Key Concepts

R_eff (Effective Reliability)

Every decision has a computed trust score: R_eff. It's calculated from evidence attached to the decision — test results, measurements, benchmarks, user feedback.

Formula: R_eff = min(effective_score) across all evidence items.

This is the weakest link principle — the decision is only as trustworthy as its weakest piece of evidence. No averaging, no optimistic roll-ups.

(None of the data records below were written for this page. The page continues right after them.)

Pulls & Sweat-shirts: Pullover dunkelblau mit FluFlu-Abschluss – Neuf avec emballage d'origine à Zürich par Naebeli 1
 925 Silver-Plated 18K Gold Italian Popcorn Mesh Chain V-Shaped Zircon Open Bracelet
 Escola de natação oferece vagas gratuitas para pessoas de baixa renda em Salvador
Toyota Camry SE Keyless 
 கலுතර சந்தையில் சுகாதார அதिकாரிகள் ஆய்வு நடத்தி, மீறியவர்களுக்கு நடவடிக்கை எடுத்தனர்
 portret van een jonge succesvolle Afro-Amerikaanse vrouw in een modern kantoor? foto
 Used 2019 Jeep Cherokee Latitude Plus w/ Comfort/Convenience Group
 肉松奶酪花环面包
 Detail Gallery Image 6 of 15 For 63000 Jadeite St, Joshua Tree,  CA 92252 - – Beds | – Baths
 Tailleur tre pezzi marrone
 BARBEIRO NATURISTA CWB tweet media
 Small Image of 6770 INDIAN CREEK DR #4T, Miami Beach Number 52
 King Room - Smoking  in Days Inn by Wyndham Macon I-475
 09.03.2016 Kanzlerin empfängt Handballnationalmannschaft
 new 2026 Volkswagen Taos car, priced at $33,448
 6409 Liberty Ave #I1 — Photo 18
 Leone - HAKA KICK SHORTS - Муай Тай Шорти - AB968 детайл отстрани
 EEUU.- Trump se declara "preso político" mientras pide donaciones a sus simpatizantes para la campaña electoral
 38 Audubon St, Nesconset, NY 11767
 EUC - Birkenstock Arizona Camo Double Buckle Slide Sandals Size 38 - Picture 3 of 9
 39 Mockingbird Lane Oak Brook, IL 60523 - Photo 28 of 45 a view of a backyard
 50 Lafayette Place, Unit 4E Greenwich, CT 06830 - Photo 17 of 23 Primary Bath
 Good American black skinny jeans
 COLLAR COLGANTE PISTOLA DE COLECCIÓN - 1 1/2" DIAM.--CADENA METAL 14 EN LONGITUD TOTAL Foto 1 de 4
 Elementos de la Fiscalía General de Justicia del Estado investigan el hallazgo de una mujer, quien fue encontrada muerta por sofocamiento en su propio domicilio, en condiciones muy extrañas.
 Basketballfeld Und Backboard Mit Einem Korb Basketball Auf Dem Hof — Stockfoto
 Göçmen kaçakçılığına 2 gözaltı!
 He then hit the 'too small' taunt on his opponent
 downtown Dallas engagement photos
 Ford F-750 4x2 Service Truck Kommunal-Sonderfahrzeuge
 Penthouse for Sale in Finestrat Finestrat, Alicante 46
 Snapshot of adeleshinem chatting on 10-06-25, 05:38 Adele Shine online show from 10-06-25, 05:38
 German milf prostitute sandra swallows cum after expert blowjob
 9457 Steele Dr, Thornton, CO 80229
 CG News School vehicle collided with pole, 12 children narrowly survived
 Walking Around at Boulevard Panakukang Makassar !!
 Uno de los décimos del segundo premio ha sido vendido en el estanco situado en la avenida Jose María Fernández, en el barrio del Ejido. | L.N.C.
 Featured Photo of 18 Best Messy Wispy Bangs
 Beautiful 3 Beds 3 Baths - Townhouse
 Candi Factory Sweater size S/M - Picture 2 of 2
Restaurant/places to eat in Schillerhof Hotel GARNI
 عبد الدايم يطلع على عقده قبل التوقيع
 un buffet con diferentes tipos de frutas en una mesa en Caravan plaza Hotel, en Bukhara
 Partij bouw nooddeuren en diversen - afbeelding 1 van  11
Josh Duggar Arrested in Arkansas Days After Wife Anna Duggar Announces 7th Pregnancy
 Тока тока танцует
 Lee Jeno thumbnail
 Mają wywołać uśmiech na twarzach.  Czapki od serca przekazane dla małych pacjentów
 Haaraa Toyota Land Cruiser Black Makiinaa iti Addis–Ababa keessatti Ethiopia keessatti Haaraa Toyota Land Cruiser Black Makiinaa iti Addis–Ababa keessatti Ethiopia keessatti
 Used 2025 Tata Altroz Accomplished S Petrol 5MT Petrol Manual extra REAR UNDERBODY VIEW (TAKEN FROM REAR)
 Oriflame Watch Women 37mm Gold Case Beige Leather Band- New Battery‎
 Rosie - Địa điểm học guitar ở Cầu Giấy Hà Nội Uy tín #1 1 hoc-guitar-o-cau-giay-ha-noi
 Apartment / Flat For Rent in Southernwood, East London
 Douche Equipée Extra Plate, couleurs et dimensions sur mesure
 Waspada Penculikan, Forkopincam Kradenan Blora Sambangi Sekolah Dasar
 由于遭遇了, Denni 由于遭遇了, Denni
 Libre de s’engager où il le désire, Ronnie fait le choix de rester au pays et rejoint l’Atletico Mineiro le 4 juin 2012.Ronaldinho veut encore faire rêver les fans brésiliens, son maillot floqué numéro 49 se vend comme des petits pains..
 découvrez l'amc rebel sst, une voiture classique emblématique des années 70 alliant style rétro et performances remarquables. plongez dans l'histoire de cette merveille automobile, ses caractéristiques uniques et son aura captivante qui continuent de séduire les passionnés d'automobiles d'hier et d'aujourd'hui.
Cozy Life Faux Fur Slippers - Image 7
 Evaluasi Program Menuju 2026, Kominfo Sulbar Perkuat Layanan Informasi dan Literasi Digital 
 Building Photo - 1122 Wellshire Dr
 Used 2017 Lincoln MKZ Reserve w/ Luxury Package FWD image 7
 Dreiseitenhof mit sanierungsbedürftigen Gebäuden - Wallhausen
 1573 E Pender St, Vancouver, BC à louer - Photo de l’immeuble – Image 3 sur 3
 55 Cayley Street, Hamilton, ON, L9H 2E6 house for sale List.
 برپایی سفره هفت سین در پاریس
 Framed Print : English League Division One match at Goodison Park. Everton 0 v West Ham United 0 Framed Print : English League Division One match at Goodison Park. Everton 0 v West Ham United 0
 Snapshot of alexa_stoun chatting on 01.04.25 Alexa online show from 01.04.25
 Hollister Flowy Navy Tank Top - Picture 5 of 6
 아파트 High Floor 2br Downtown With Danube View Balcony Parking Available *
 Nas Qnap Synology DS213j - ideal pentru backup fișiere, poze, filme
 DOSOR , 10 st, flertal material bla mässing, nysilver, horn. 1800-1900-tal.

  • R_eff ≥ 0.5 — healthy, decision is trustworthy
  • R_eff < 0.5 — degraded, surfaces in stale scan
  • R_eff < 0.3 — AT RISK, needs immediate attention
  • No evidence — decision is fresh, not degraded (treated as healthy)

Congruence Level (CL)

Not all evidence is equally relevant. A benchmark from the same project (CL3) is more trustworthy than a blog post about a similar stack (CL1). CL penalties reduce the effective score of cross-context evidence:

CL Context Penalty Example
CL3Same context0.0Internal test result
CL2Similar context0.1Decision from a related project (same language)
CL1Different context0.4External documentation, blog post
CL0Opposed context0.9Evidence from a conflicting methodology

CL matters for cross-project recall too. When a decision from another project surfaces during /q-frame, it gets tagged CL2 (same language) or CL1 (different language).

Weakest Link (WLNK)

Every variant in /q-explore must identify its weakest link — the single thing that bounds its quality. This is not a generic "cons" list. It's the specific mechanism that will fail first under stress.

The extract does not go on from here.